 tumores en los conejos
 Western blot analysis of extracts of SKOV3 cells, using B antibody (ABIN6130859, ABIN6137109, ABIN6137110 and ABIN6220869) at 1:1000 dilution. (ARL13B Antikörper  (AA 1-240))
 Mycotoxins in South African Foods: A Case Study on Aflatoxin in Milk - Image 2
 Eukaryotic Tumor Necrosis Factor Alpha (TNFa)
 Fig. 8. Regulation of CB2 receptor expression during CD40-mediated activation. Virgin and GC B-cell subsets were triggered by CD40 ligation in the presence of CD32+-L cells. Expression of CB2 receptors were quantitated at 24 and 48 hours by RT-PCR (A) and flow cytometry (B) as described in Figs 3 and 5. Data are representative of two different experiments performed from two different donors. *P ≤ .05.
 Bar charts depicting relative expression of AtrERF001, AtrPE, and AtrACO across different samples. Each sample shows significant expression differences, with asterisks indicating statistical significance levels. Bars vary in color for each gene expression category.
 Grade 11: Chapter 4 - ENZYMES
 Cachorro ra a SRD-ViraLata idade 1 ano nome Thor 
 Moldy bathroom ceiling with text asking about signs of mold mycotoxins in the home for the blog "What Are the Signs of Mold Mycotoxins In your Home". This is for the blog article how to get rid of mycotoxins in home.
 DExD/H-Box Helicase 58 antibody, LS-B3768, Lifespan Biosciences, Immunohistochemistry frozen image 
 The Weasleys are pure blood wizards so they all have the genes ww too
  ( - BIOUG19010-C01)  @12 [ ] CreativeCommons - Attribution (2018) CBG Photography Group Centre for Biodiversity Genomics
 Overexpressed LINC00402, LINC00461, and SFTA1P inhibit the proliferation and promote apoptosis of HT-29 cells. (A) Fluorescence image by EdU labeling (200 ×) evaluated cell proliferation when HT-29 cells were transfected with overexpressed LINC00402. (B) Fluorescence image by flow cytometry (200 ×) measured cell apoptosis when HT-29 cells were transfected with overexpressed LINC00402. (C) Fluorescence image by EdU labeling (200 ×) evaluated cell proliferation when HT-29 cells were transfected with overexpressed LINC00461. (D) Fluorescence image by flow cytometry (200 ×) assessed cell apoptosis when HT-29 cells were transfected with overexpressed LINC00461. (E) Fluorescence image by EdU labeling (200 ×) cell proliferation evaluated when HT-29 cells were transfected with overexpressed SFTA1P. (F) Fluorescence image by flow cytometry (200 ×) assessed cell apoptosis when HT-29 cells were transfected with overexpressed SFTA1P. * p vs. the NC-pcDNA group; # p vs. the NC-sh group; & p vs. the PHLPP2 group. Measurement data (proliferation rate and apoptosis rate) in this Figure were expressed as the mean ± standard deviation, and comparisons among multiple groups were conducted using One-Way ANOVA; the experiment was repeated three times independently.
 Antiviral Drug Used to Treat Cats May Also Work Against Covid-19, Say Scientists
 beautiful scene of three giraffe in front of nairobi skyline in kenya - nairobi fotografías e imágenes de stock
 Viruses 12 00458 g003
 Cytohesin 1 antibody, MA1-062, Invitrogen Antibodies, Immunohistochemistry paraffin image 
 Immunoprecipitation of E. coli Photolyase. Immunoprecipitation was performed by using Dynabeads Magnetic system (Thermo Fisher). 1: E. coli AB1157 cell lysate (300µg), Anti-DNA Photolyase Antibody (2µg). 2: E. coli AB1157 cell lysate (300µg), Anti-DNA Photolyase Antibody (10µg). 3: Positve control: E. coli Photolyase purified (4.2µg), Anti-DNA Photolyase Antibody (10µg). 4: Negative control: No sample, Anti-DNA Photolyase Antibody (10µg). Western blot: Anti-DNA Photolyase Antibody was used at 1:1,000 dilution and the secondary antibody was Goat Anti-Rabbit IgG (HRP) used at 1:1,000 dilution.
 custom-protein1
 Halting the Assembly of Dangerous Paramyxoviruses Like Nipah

» Task prompt:
In the records above, find each line that mentions the word "performed", and copy it.

» Solution below:
 Fig. 8. Regulation of CB2 receptor expression during CD40-mediated activation. Virgin and GC B-cell subsets were triggered by CD40 ligation in the presence of CD32+-L cells. Expression of CB2 receptors were quantitated at 24 and 48 hours by RT-PCR (A) and flow cytometry (B) as described in Figs 3 and 5. Data are representative of two different experiments performed from two different donors. *P ≤ .05.
 Immunoprecipitation of E. coli Photolyase. Immunoprecipitation was performed by using Dynabeads Magnetic system (Thermo Fisher). 1: E. coli AB1157 cell lysate (300µg), Anti-DNA Photolyase Antibody (2µg). 2: E. coli AB1157 cell lysate (300µg), Anti-DNA Photolyase Antibody (10µg). 3: Positve control: E. coli Photolyase purified (4.2µg), Anti-DNA Photolyase Antibody (10µg). 4: Negative control: No sample, Anti-DNA Photolyase Antibody (10µg). Western blot: Anti-DNA Photolyase Antibody was used at 1:1,000 dilution and the secondary antibody was Goat Anti-Rabbit IgG (HRP) used at 1:1,000 dilution.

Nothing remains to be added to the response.